So my hypothesis is that the Bolt was mainly a concerted attempt to sabotage the Model 3 with a combination of:
- Classic price dumping:
- GM sold the Bolt ~$10,000 below cost
- LG Chem gave GM a special battery modules deal of $140/kWh, well below production and market prices (they were super unhappy when this leaked - other OEMs were getting $200/kWh deals ...)
- Anti-Tesla PR directed at consumers and investors:
- The infamous Chevy Bolt drive-by event of Fremont that mocked Tesla's manufacturing delays
- Non-stop characterization of the Bolt by Wall Street and the complicit business media as a "Tesla killer"
- Non-stop misleading tear-downs and bogus margin calculations suggesting that the Model 3 is not competitive and cannot generate a profit.
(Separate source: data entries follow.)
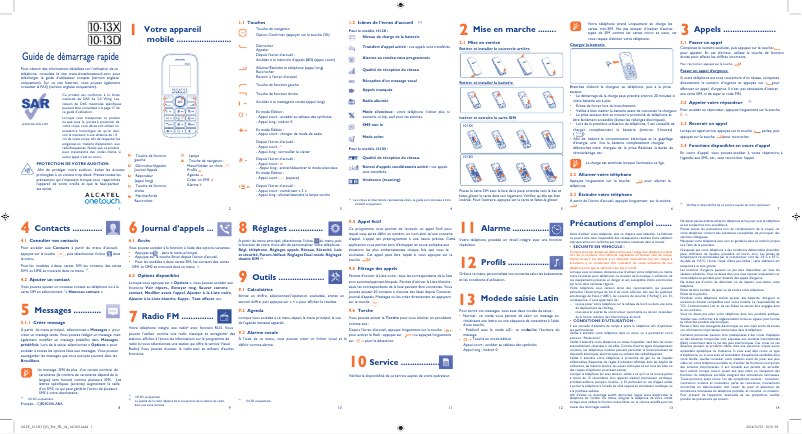 Page 1 de la notice Manuel utilisateur Alcatel One Touch 1013X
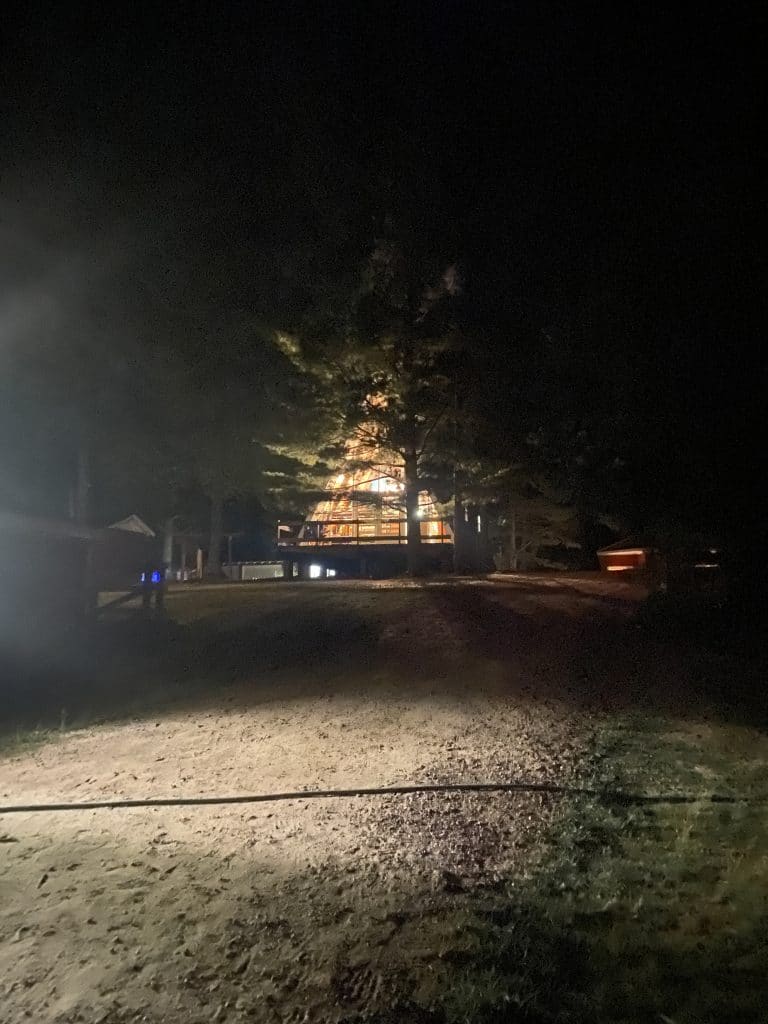 Cabin at a summer camp at night in Wisconsin.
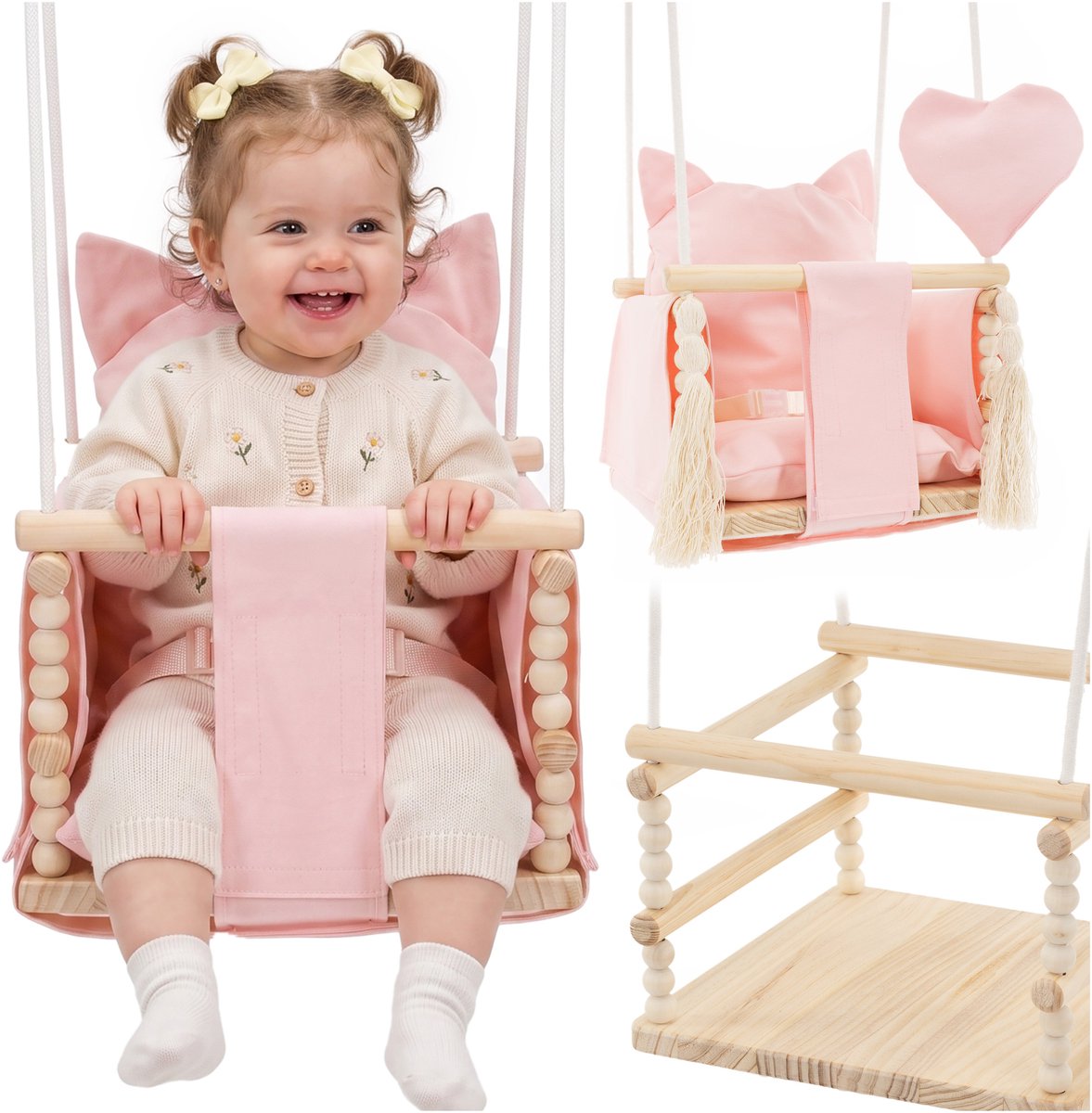Springos Babyschommel - Kinderschommel - Schommel Met Kussen - Hout - Polyester - 25 kg - 35 x 35 x 25 cm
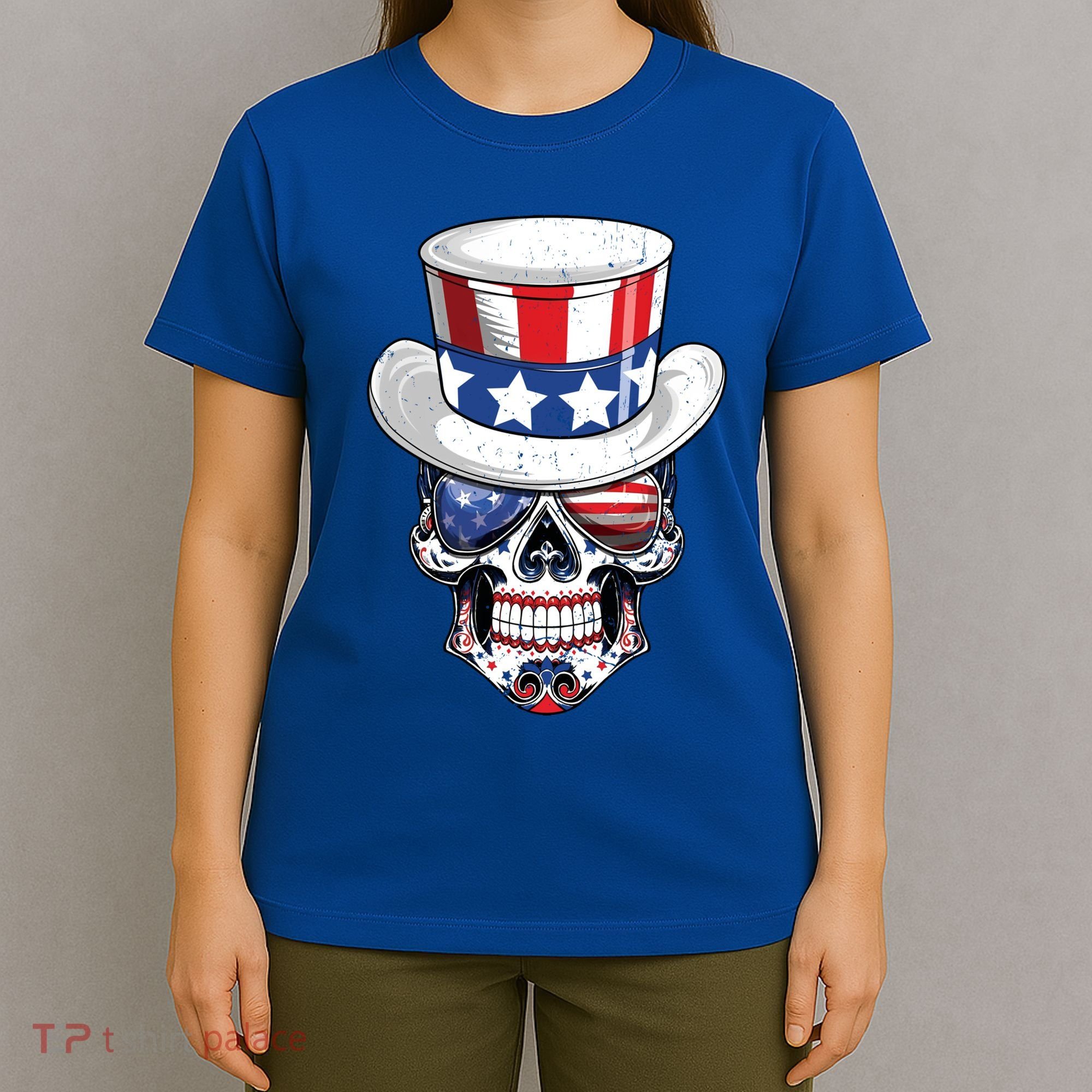 Sugar Skull American Flag Usa Indepedence Day July Fourth Cute Gift T-Shirt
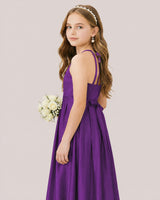 Purple Satin A-line Junior Bridesmaid Dress Side View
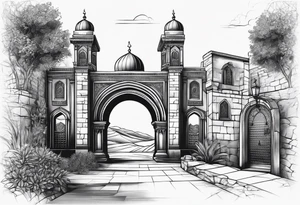 israel town gate vector tattoo idea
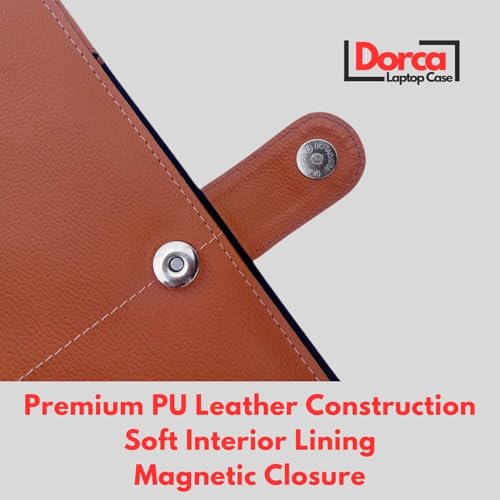 Image of Dorca Premium PU Leather Laptop Sleeve for Motorola Motobook 60 Pro (14IAH101) 14-inch- Slim Fit, Water-Resistant, Shockproof Protective Cover (Brown)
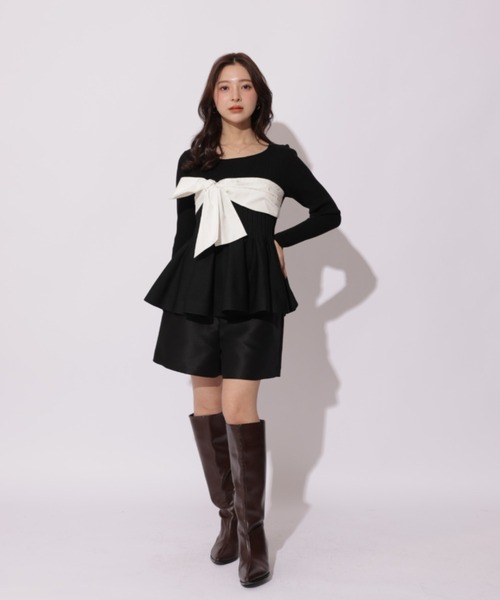 Apuweiser-riche（アプワイザーリッシェ）の「リボンラップペプラムニット（ニット/セーター・レディース・ブルーグレー/グレイッシュベージュ/ブラック系その他2/ブラック・2）」の7枚目の写真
- GM hoped to not just cut off Tesla's air supply (demand in the U.S. sedan market), but also pressuring Tesla into making mistakes and trying to squeeze Tesla's source of funding. Note how there never was a SUV version of the Bolt...
Once GM and LG saw that these tactics aren't working (or rather, that they stopped working - these measures certainly had a damaging effect and reduced demand as well), once they saw that the Model 3 is crushing the Bolt and now that Tesla has a $35k car out there that is superior to the Bolt in everything
including price, GM quietly started de-emphasizing it: it's cheaper for GM to buy the regulatory credits from Tesla directly than to burn the money on more Bolts produced...
I believe the Bolt was never anything else, and the dealership shenanigans to further sabotage even the Bolt were on top of it - because that's what dealerships do. Both GM and LG knew that the economic basis for the Bolt is not there, that it's an expensive lie, that it was purely a force-financed move to choke Tesla in their home market. GM's primary response, modus operandi and 100 years old corporate history in North America against major competitive threats is to attack the economic basis of the competition with any method available, not to out-innovate them. GM will innovate only if every other measure fails, because R&D is the most expensive and riskiest of methods to compete.
If they truly want to compete with Tesla they'll have to do it the hard way, grounds up - not via a repurposed production line of ~$20k ICE vehicles.